Tussen 1579 en 1583 produceren artiesten aan het Britse hof intrigerende portretten van koningin Elizabeth I (1533-1603) waarop ze staat afgebeeld met een zeef. Wat is de betekenis hiervan? Wat kan de inclusie van het huisraad mogelijk verraden over deze machtige vorstin? Door het mysterie van het motief van de zeef te ontrafelen, krijgen we meer vat op Elizabeths personaen op haar eigen visie en die van haar raadgevers op haar publiek imago. 

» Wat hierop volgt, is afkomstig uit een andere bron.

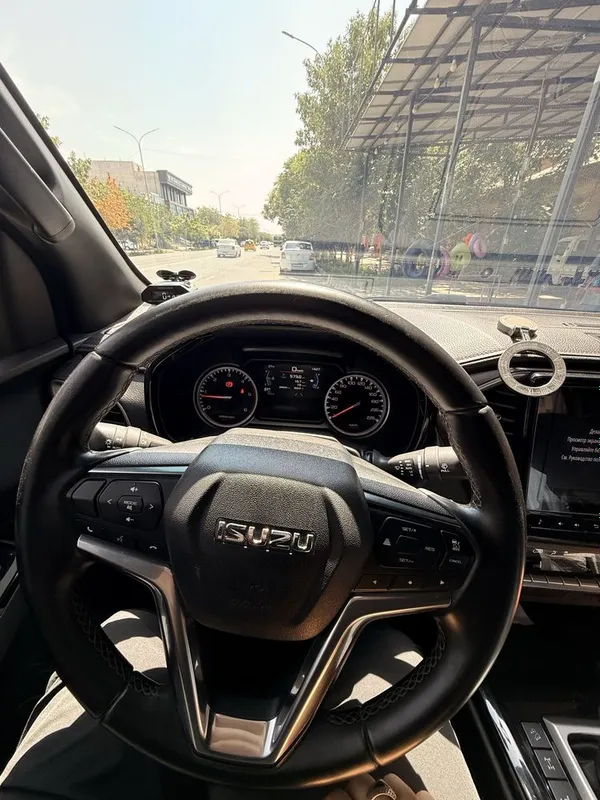 D max isuzu 3.0 td 3 D max isuzu 3.0 td 3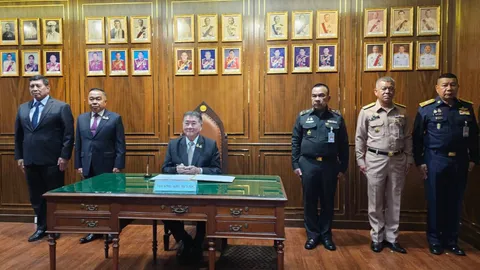 “บิ๊กอ้วน” ตรวจเยี่ยมกรมพระธรรมนูญ ชื่นชมนายทหารมืออาชีพ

Afbeelding 1: The Plimpton Sieve Portrait door George Gower (1540-1596)

 

Wie was Tuccia?

 

In The Plimpton Sieve Portrait (Folger Shakespeare Library, 1579; Afb. 1) en The Siena Sieve Portrait (Pinacoteca Nazionale di Siena, 1583; Afb. 2) houdt de regale Elizabeth een zeef vast. Dit attribuut verwijst naar de Vestaalse maagd Tuccia, die geruchten van onkuisheid weerlegde met behulp van een zeef. Tuccia bewees haar onschuld door een zeef te vullen met water van de Tiber. Vervolgens liep zij met de zeef terug naar het schrijn van Vesta, zonder een druppel te verliezen. De ondoorlaatbare zeef stond dus symbool voor Tuccia’s maagdelijkheid. Die maagdelijkheid was cruciaal voor de Vestalinnen, die de stad Rome vertegenwoordigden. De Romeinen geloofden namelijk dat de reinheid van deze priesteressen de stad vrijwaarde van nederlagen en rampen. De Vestaalse maagden fungeerden dan ook als apotropaia(beschermers tegen het kwaad) van Rome. Het is daarom opvallend dat in tijde van rampspoed een aantal ongelukkige Vestalinnen de zondebokken werden van algemene paniek. Deze ‘onkuise’ meisjes moesten het dan ook met hun leven bekopen om zo de verstoorde banden met de goden terug te herstellen. 

Siena Sieve Portrait van Quinten Massijs (II) (1543-1589) of Cornelius Ketel (1548-1616)

In een vroegzeventiende-eeuwse gravure van Raffaello Guidi (1585-1615) uit het prentenkabinet van het Rijksmuseum komt die connectie tussen Tuccia’s maagdelijkheid en de triomf van een onbevlekt Rome tot uiting op een bijzondere wijze (Afb. 3). Achter Tuccia, die met haar zeef water schept uit de Tiber, trekt een triomftocht door de stad. Dit toont het verband tussen de Vestaalse maagdelijkheid en de triomf aan. Daarnaast, schijnt Tuccia ook aanzien te worden als de beschermer van de eeuwige stad tegen het onstuimige temperament van haar rivier, de Tiber. In het vergezellende Latijnse onderschrift staat namelijk dat Tuccia de Tiber controleert, net zoals het water in haar zeef. Het vers is vermoedelijk geschreven naar aanleiding van de overstromingen die Rome teisterden in de zestiende en zeventiende eeuw, waardoor de stad besloot de koers van de rivier te rectificeren. 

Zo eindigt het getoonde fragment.